Below are some records. Print exactly the lines between the one holding "Horse Ed All Over Print Hoodie" and the one holding "Item preview, Neuroqueer", inclusive, and nothing else.

### [Material shown]
========================================================================
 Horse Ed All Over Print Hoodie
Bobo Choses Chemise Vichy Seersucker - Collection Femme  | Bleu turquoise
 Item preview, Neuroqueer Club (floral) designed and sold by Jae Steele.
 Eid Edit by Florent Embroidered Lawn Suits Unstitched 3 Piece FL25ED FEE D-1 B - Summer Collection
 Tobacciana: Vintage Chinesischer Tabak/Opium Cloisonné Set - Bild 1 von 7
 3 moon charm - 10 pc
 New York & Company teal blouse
========================================================================
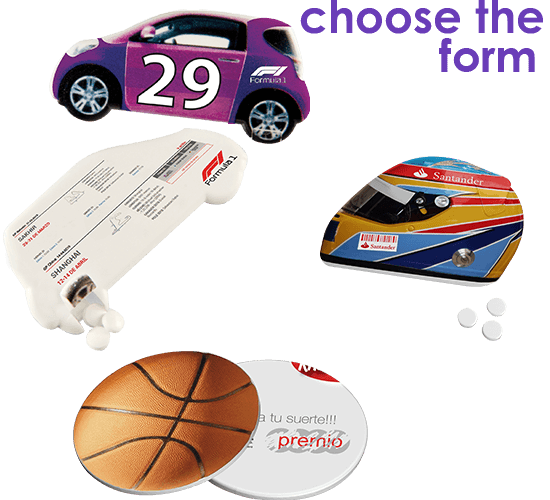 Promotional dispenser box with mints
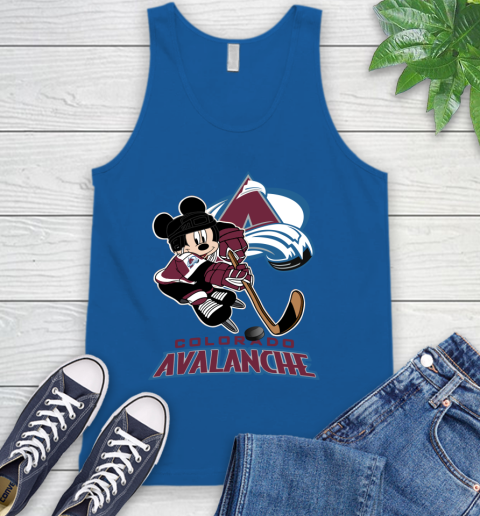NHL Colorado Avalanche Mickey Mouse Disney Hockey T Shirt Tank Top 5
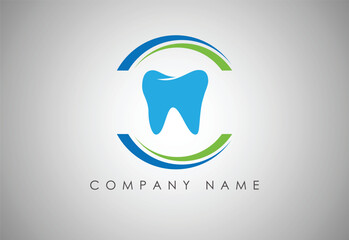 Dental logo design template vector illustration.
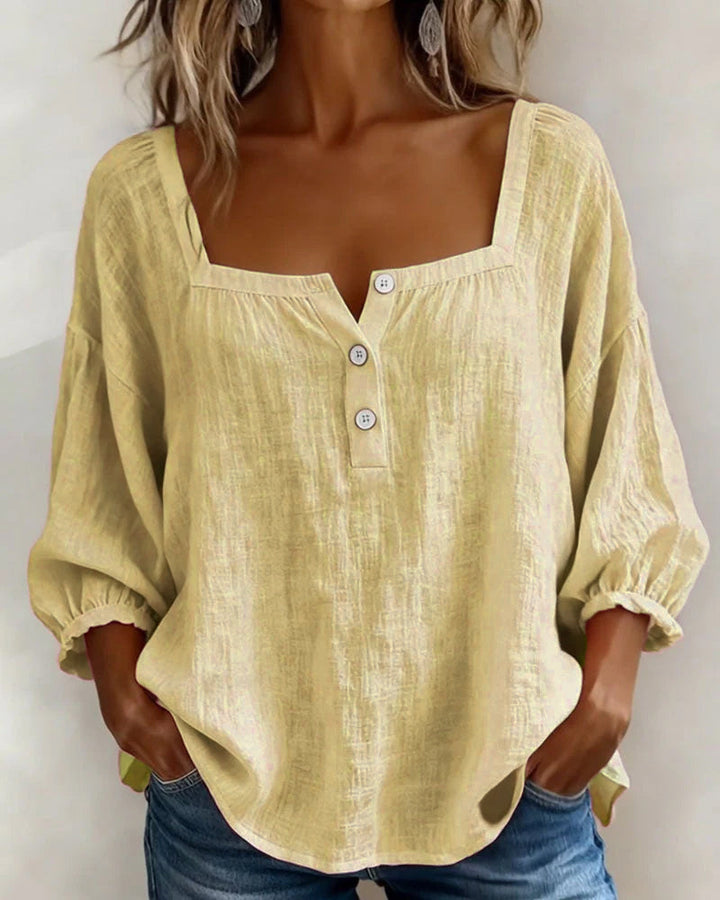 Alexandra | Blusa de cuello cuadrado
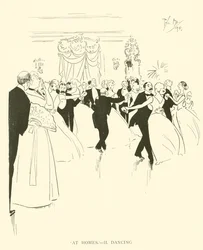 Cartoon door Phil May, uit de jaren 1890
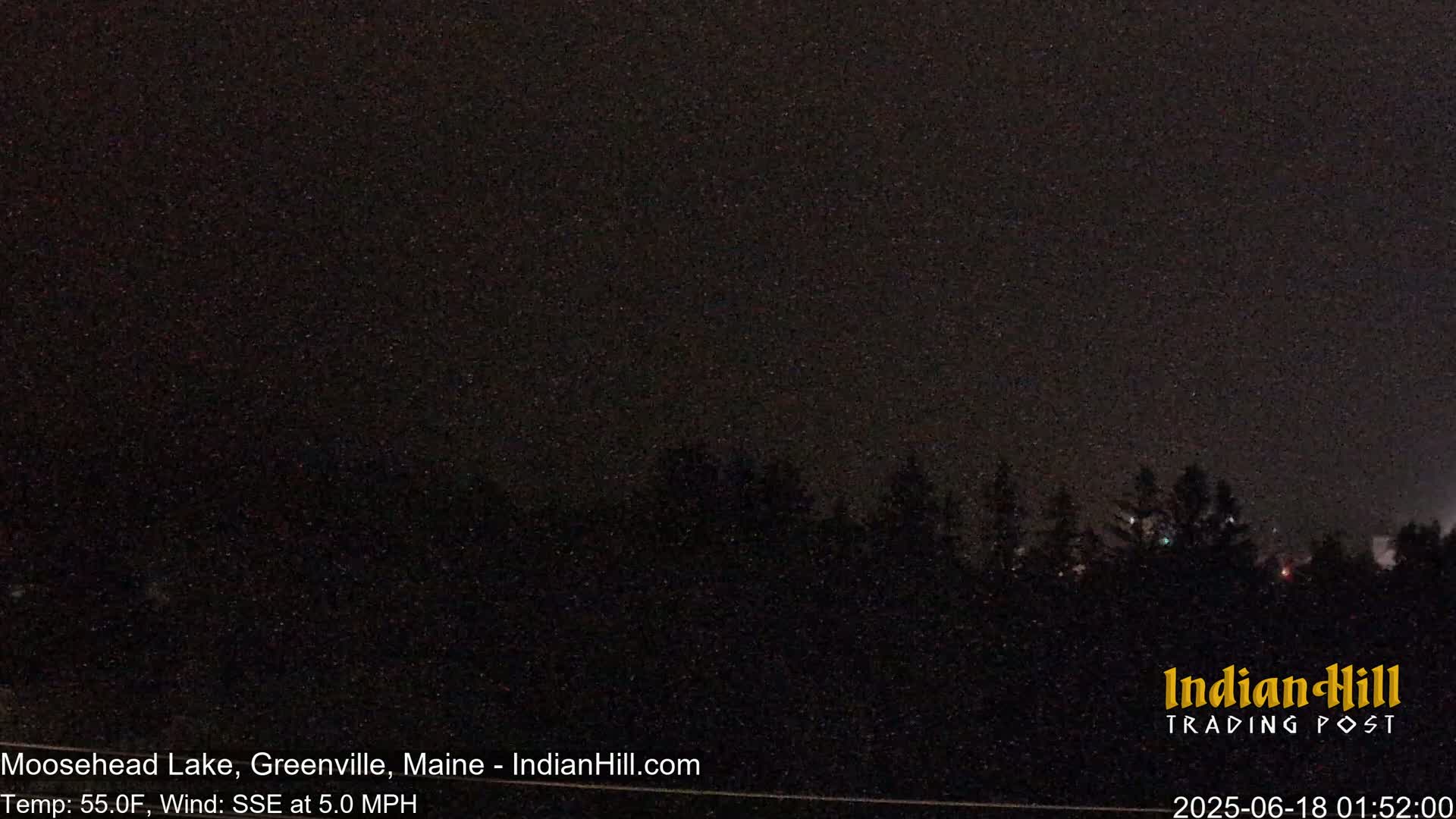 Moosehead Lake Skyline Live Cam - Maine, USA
========================================================================
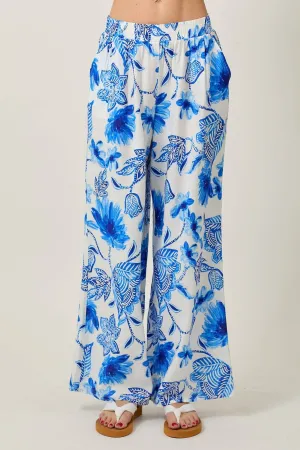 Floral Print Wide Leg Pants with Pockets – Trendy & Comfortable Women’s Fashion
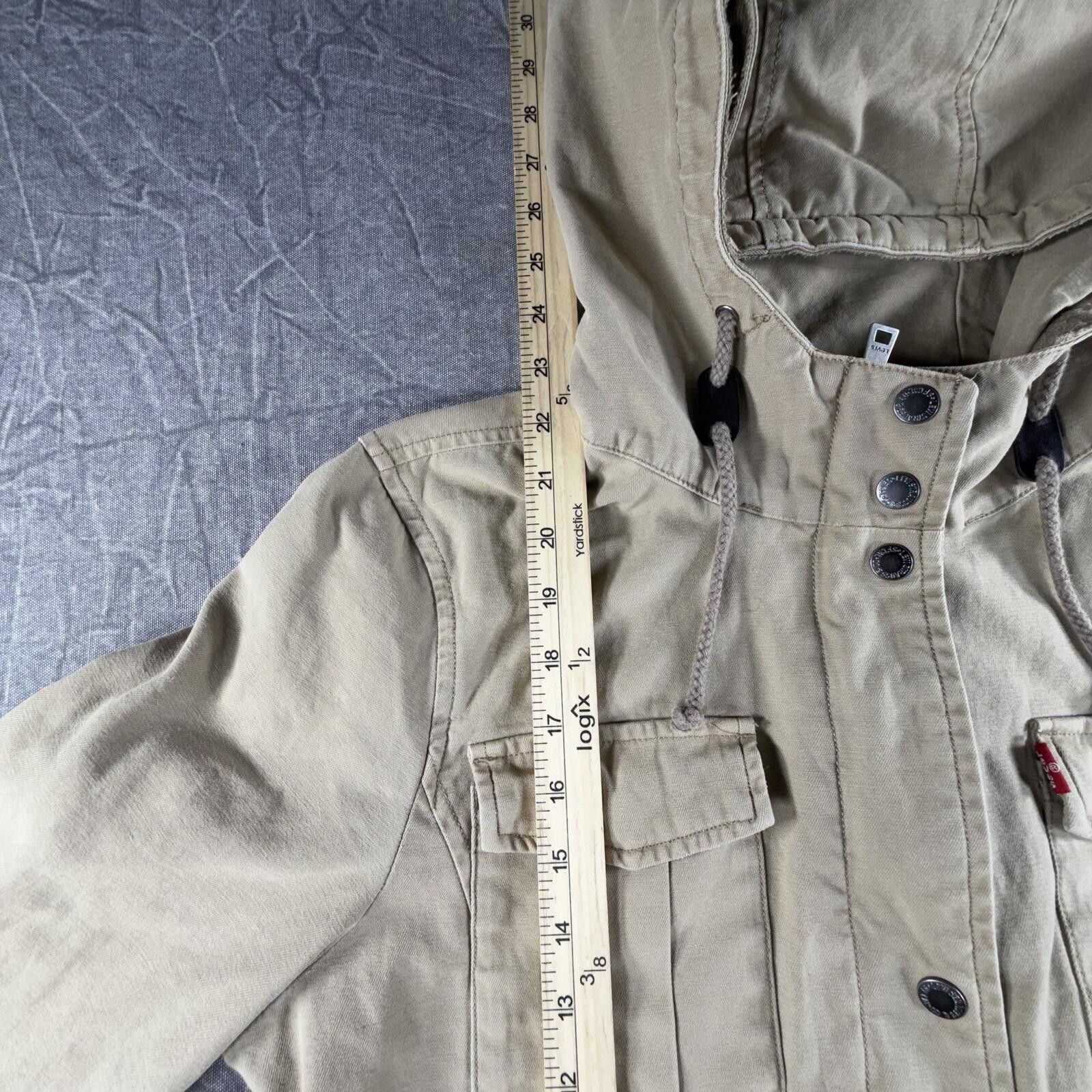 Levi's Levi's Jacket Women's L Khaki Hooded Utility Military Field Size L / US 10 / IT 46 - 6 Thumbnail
========================================================================
### [Result of this exercise]
 Horse Ed All Over Print Hoodie
Bobo Choses Chemise Vichy Seersucker - Collection Femme  | Bleu turquoise
 Item preview, Neuroqueer Club (floral) designed and sold by Jae Steele.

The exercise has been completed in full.